What to work on: What you return must match every record word for word.
-- Study material follows --
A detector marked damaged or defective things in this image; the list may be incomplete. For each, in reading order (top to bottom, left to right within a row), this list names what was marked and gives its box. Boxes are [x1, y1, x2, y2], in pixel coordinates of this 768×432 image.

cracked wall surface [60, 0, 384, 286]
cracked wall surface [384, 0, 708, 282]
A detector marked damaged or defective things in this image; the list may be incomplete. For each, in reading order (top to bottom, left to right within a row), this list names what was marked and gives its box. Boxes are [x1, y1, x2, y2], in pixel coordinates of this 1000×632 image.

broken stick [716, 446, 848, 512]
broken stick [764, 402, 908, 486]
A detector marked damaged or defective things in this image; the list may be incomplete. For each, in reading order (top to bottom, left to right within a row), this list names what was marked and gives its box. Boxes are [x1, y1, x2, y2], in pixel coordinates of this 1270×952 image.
-- Study material concluded --
Expected answer:
A detector marked damaged or defective things in this image; the list may be incomplete. For each, in reading order (top to bottom, left to right within a row), this list names what was marked and gives its box. Boxes are [x1, y1, x2, y2], in pixel coordinates of this 768×432 image.

cracked wall surface [60, 0, 384, 286]
cracked wall surface [384, 0, 708, 282]
A detector marked damaged or defective things in this image; the list may be incomplete. For each, in reading order (top to bottom, left to right within a row), this list names what was marked and gives its box. Boxes are [x1, y1, x2, y2], in pixel coordinates of this 1000×632 image.

broken stick [716, 446, 848, 512]
broken stick [764, 402, 908, 486]
A detector marked damaged or defective things in this image; the list may be incomplete. For each, in reading order (top to bottom, left to right within a row), this list names what was marked and gives its box. Boxes are [x1, y1, x2, y2], in pixel coordinates of this 1270×952 image.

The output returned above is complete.